(Entries taken from a collection)
◆ ◆ ◆ ◆

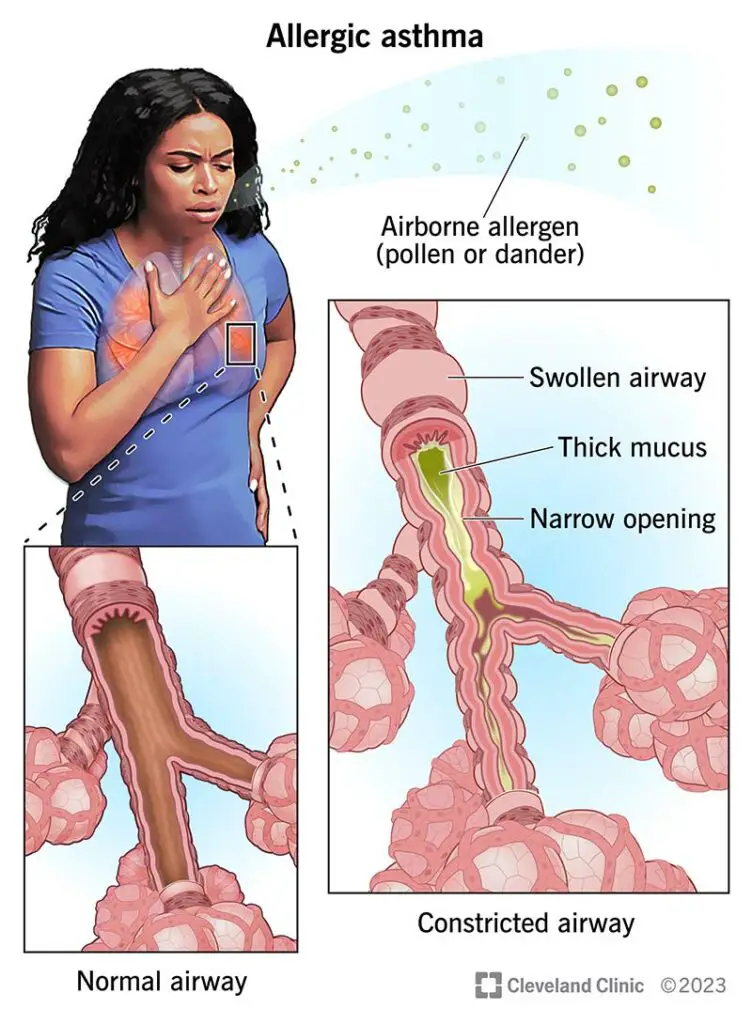 allergic asthma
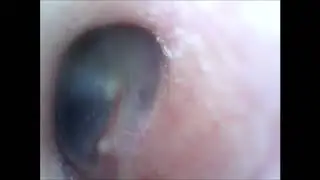 Is my Incus Bone is Pushing my Eardrum?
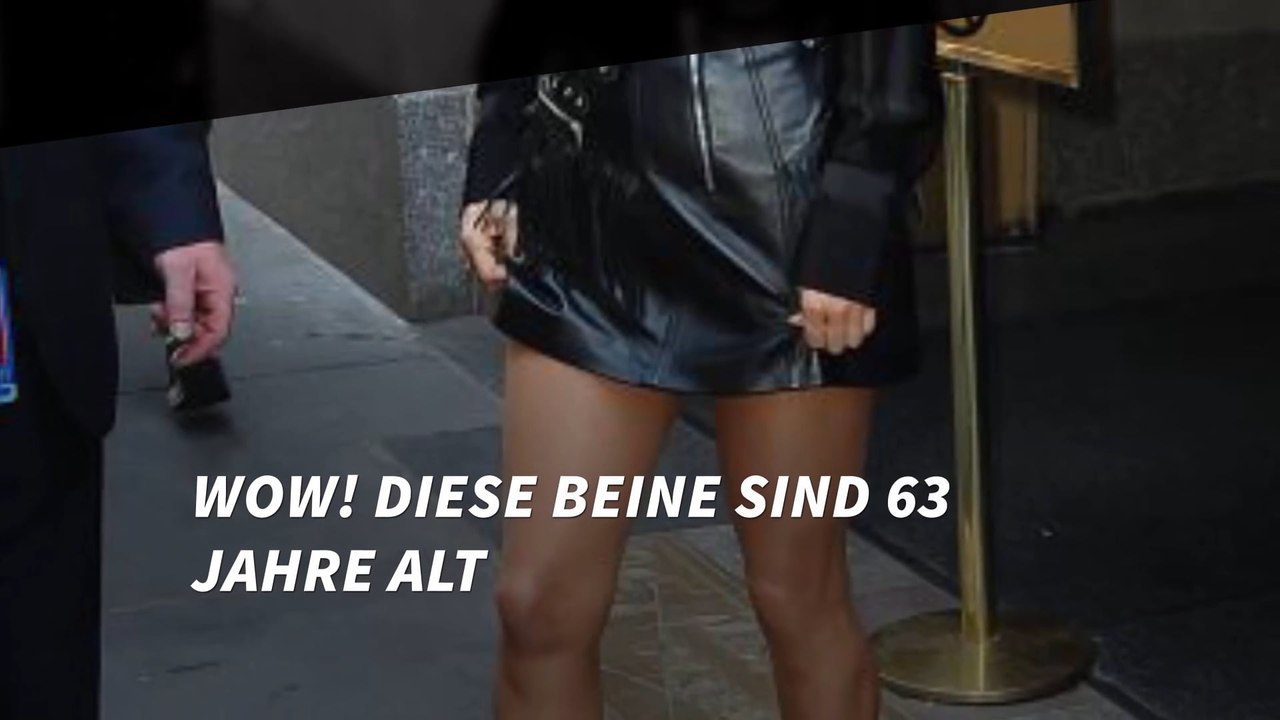 Diese Beine sind 63 Jahre alt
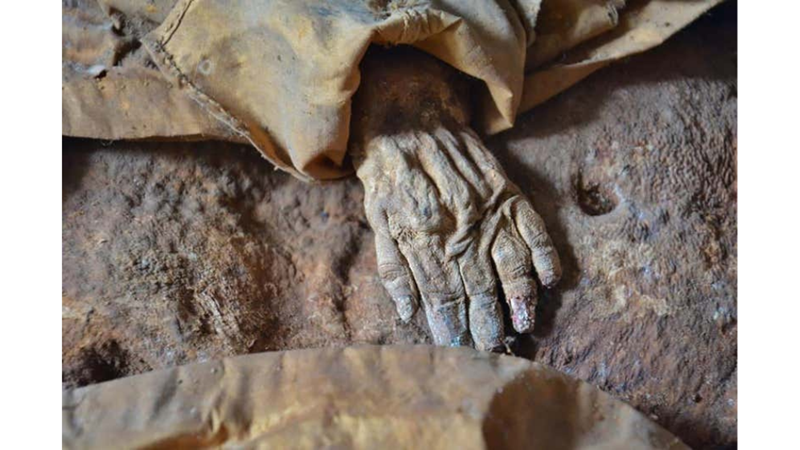 GÜNEŞ EKSİKLİĞİNİN BÖYLE ETKİSİ OLABİLECEĞİNİ BİLEMEZDİNİZ!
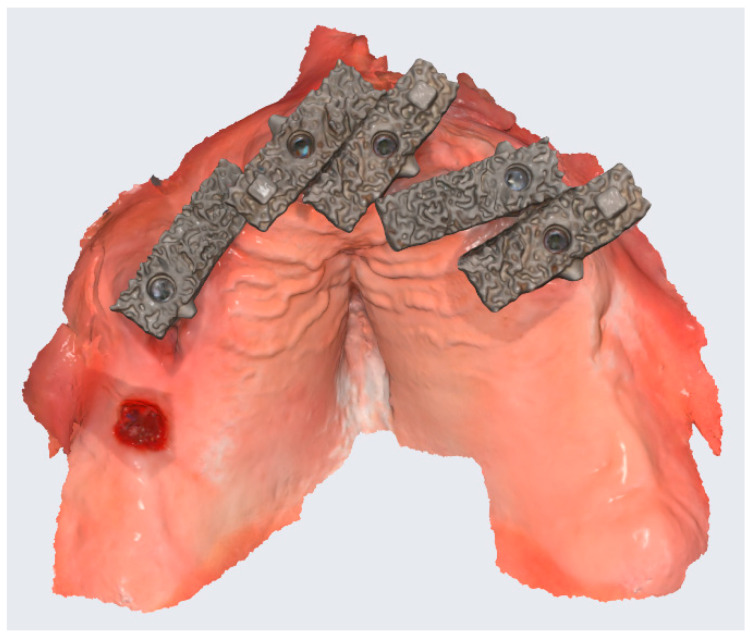 An In Vivo Comparison of Trueness and Precision of Two Novel Methods for Improving Edentulous Full Arch Implant Scanning Accuracy: A Pilot Study.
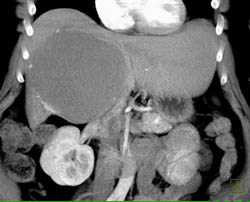 Giant Cavernous Hemangioma - CTisus CT Scan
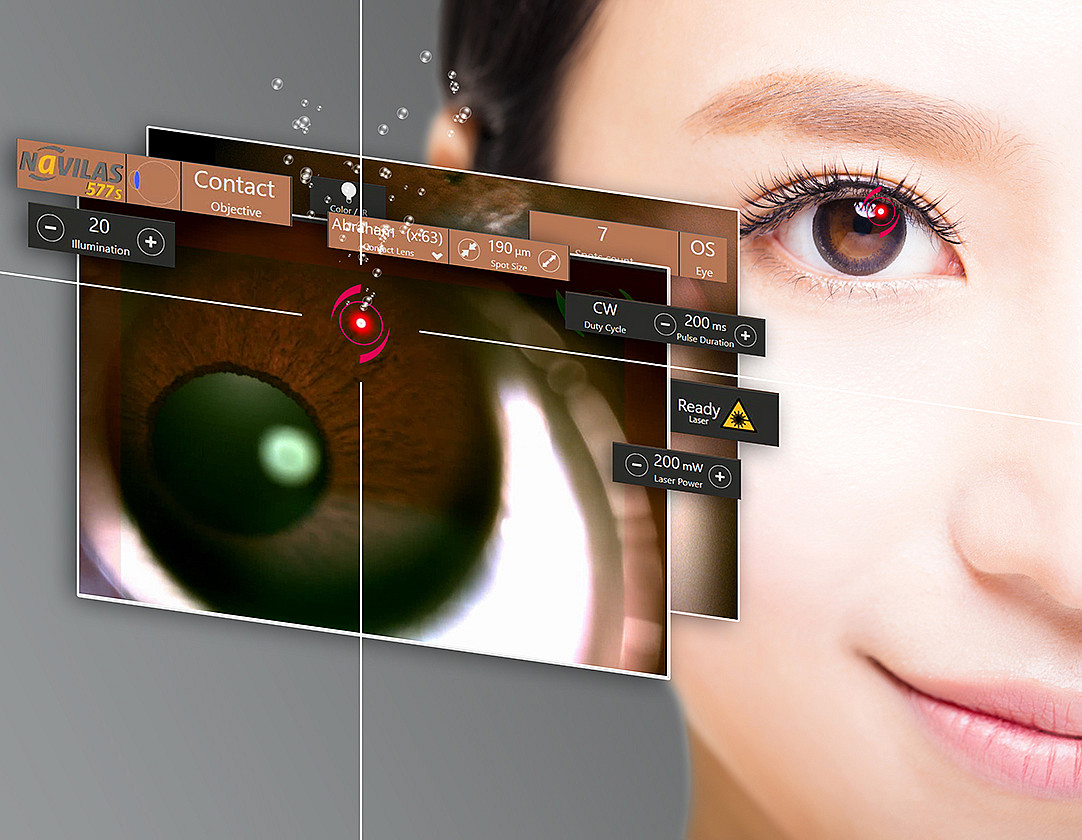 Iridotomy treatment of narrow-angle glaucoma with the Navilas 577s retina laser
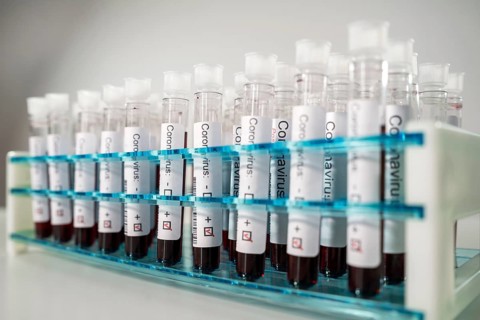 Positive results of corona virus tests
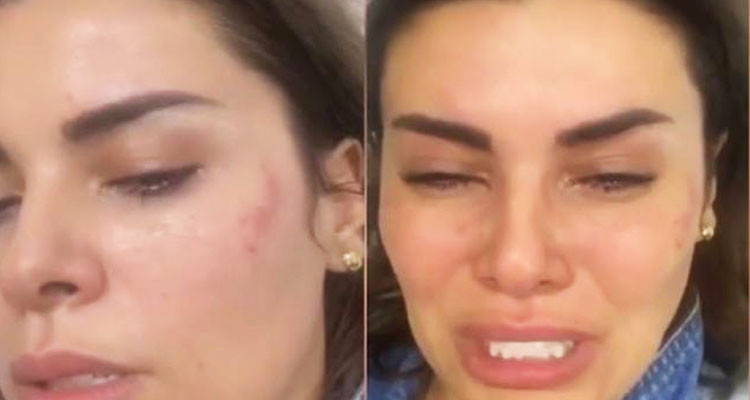 الاحتفاظ بمتعهد الحفلات المتهم بالاعتداء على الفنانة أماني السويسي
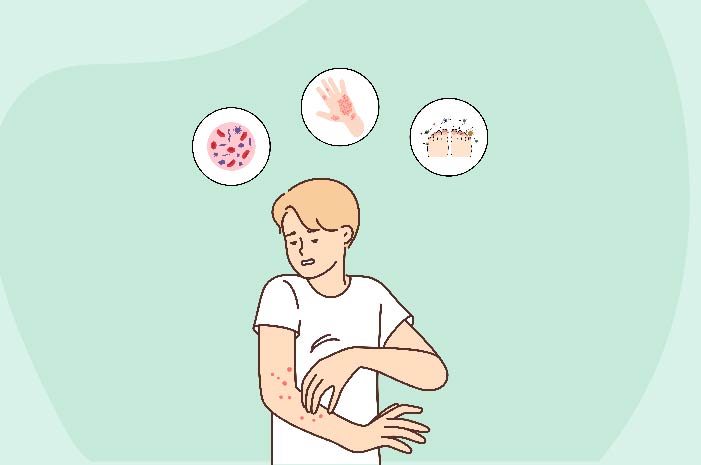What Are the Different Types of Fungal Infections? 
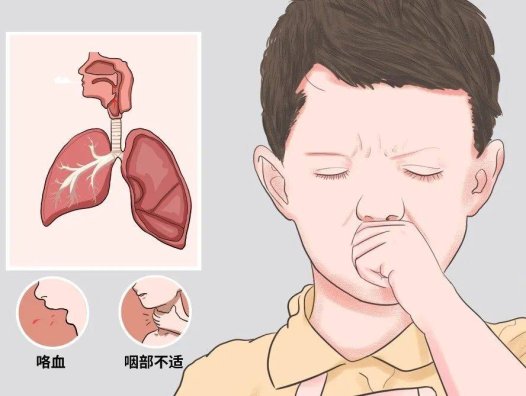 【穴位埋线疗法】——病根埋线治疗小儿反复感冒证的临床经验探讨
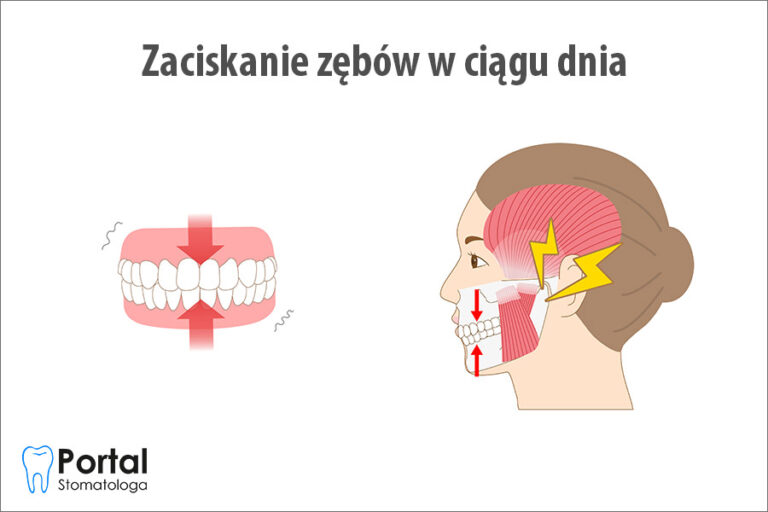 Zaciskanie zębów w ciągu dnia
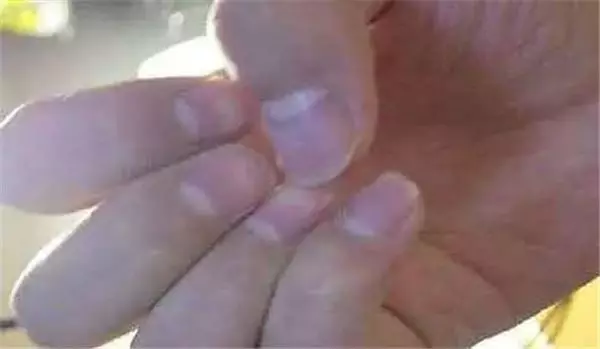 指甲出現這「5種狀況」千萬不要忽視,很可能是身體大病的前兆!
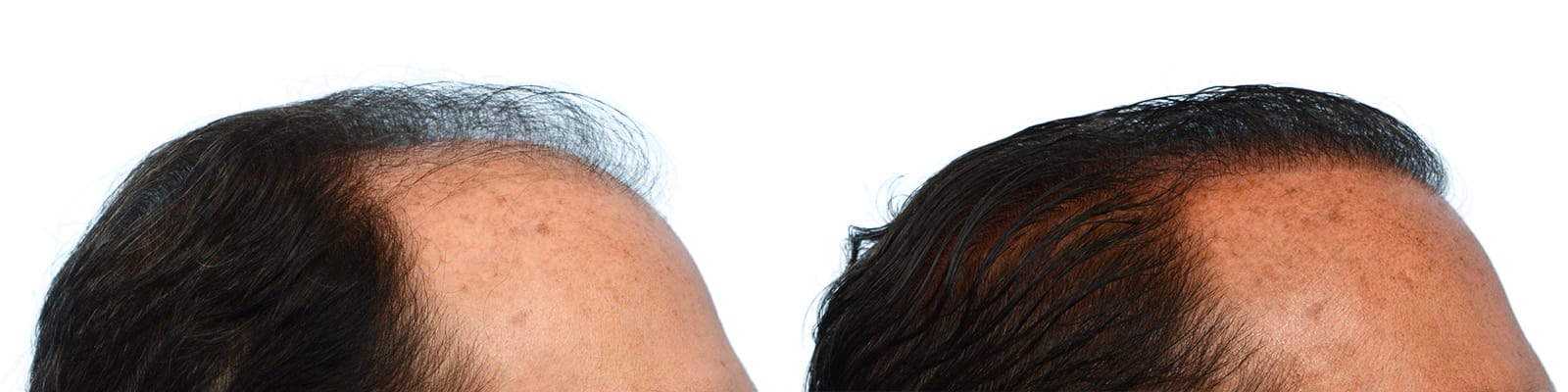 FUE Hair Transplant Before & After Gallery - Patient 176444 - Image 2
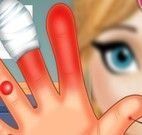 Cuidar da mão da Anna machucada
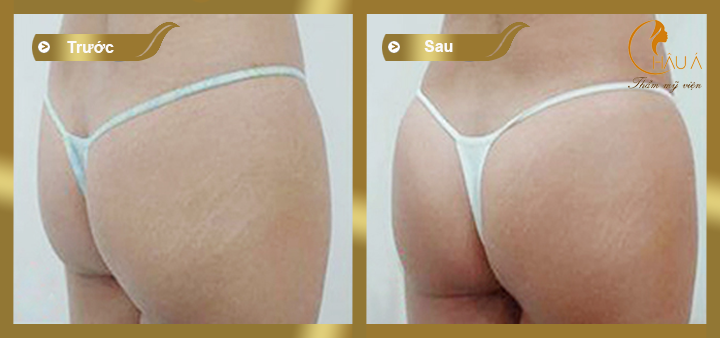hình ảnh trước và sau khi nâng mông bằng túi gel 1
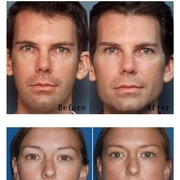 미국인들이 가장 많이하는 얼굴 성형
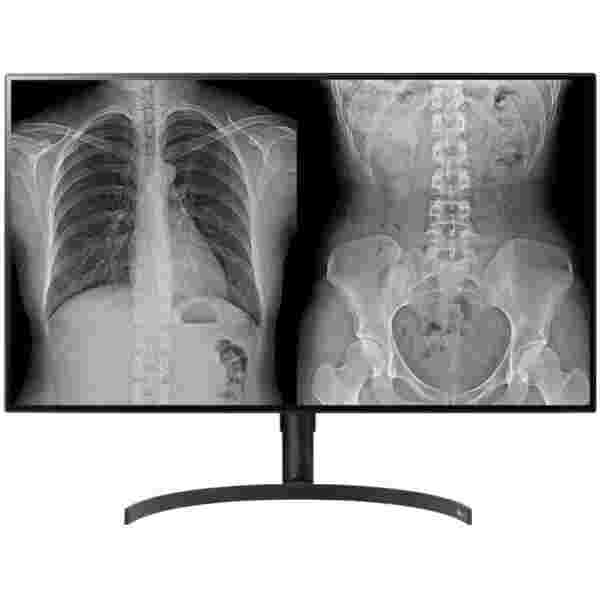 Monitor LG 80 cm (31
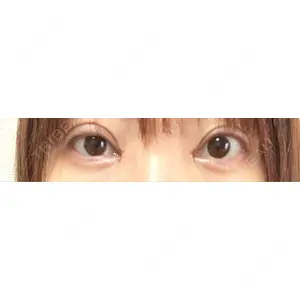 口コミ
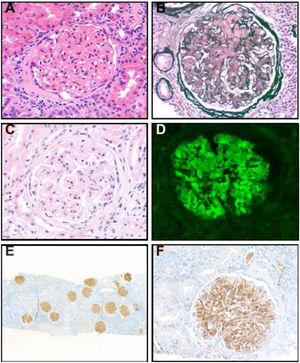 A-F) Imágenes de biopsias renales: A) Expansión mesangial importante por depósito de material eosinofílico, hematoxilina y eosina (H&E); B) Tinción de plata, evidencia áreas mesangiales expandidas por depósito no argirofílico; C) Engrosamiento marcado de las membranas basales por depósito de material eosinofílico, H&E; D) Inmunofluorescencia, tinción mesangial y en asas capilares por IgG; E) Tinción inmunohistoquímica de DNAJB9, predominante en las asas capilares; F) DNAJB9, mesangial y en asas capilares.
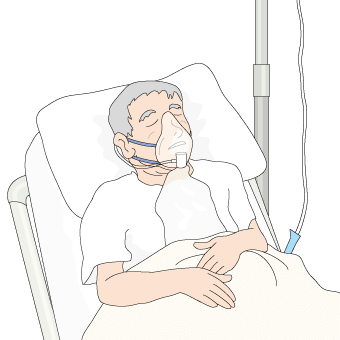 人工呼吸器をつけた高齢男性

◆ ◆ ◆ ◆

Please repeat exactly the lines from the one containing "Is my Incus Bone is Pushing my Eardrum?" through the last line of the records, both included, and leave out the pictures.

| ANSWER TO THIS PROBLEM |
 Is my Incus Bone is Pushing my Eardrum?
 Diese Beine sind 63 Jahre alt
 GÜNEŞ EKSİKLİĞİNİN BÖYLE ETKİSİ OLABİLECEĞİNİ BİLEMEZDİNİZ!
 An In Vivo Comparison of Trueness and Precision of Two Novel Methods for Improving Edentulous Full Arch Implant Scanning Accuracy: A Pilot Study.
 Giant Cavernous Hemangioma - CTisus CT Scan
 Iridotomy treatment of narrow-angle glaucoma with the Navilas 577s retina laser
 Positive results of corona virus tests
 الاحتفاظ بمتعهد الحفلات المتهم بالاعتداء على الفنانة أماني السويسي
What Are the Different Types of Fungal Infections? 
 【穴位埋线疗法】——病根埋线治疗小儿反复感冒证的临床经验探讨
 Zaciskanie zębów w ciągu dnia
 指甲出現這「5種狀況」千萬不要忽視,很可能是身體大病的前兆!
 FUE Hair Transplant Before & After Gallery - Patient 176444 - Image 2
 Cuidar da mão da Anna machucada
hình ảnh trước và sau khi nâng mông bằng túi gel 1
 미국인들이 가장 많이하는 얼굴 성형
 Monitor LG 80 cm (31
 口コミ
 A-F) Imágenes de biopsias renales: A) Expansión mesangial importante por depósito de material eosinofílico, hematoxilina y eosina (H&E); B) Tinción de plata, evidencia áreas mesangiales expandidas por depósito no argirofílico; C) Engrosamiento marcado de las membranas basales por depósito de material eosinofílico, H&E; D) Inmunofluorescencia, tinción mesangial y en asas capilares por IgG; E) Tinción inmunohistoquímica de DNAJB9, predominante en las asas capilares; F) DNAJB9, mesangial y en asas capilares.
 人工呼吸器をつけた高齢男性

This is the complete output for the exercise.